--- Stored data ---

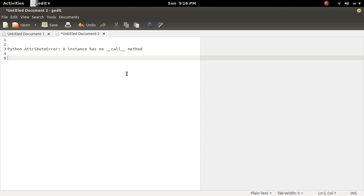In this video, I am going to check what is this attribute error: instance has no __call__ method.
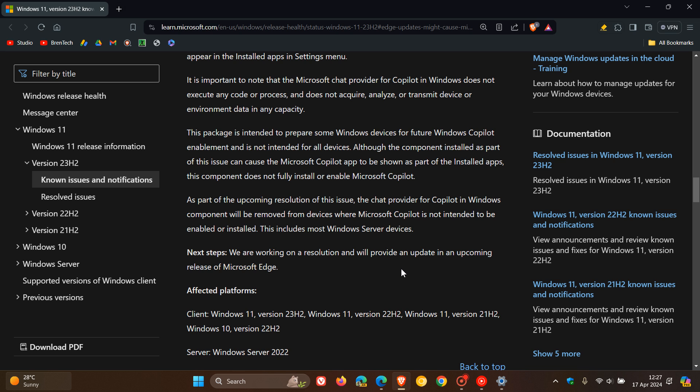And the next step, they say they are working on a resolution and will provide an update in an upcoming release of Microsoft Edge. So hopefully with Edge version 124, which should be rolling out soon later this week, it should be removed if your device is not intended to receive Copilot.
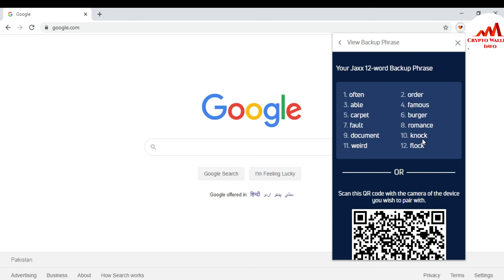So I hope you understand how you can write again your backup phrases from Jaxx wallet in Google Chrome extension. This is so easy.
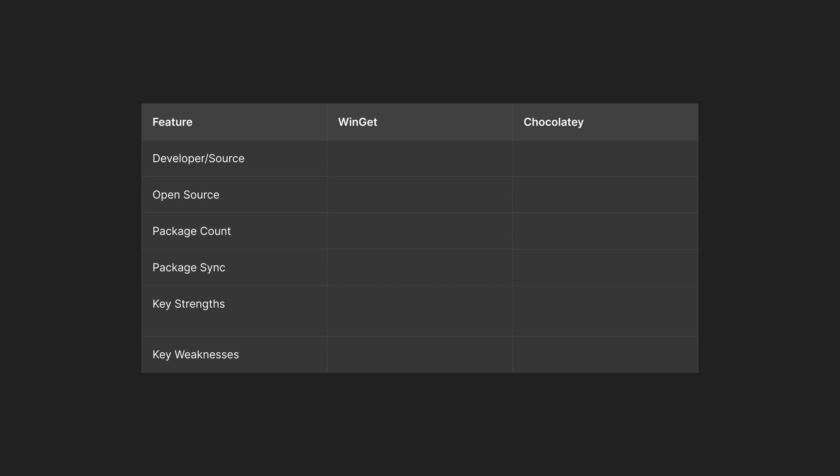Winget is developed by Microsoft and Chocolatey is community-driven and developed by Chocolatey organization. Both package managers are open source. The package count in the Winget repositories is around 5,000 at this point. Chocolatey still has around 10,000 packages and its repository is richer.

---

- [Goal of the exercise]: Could you write out exactly the lines from the line containing "So I hope you" to the end of the material, and nothing else? No pictures belong in the copy.

- [Solved exercise]:
So I hope you understand how you can write again your backup phrases from Jaxx wallet in Google Chrome extension. This is so easy.
Winget is developed by Microsoft and Chocolatey is community-driven and developed by Chocolatey organization. Both package managers are open source. The package count in the Winget repositories is around 5,000 at this point. Chocolatey still has around 10,000 packages and its repository is richer.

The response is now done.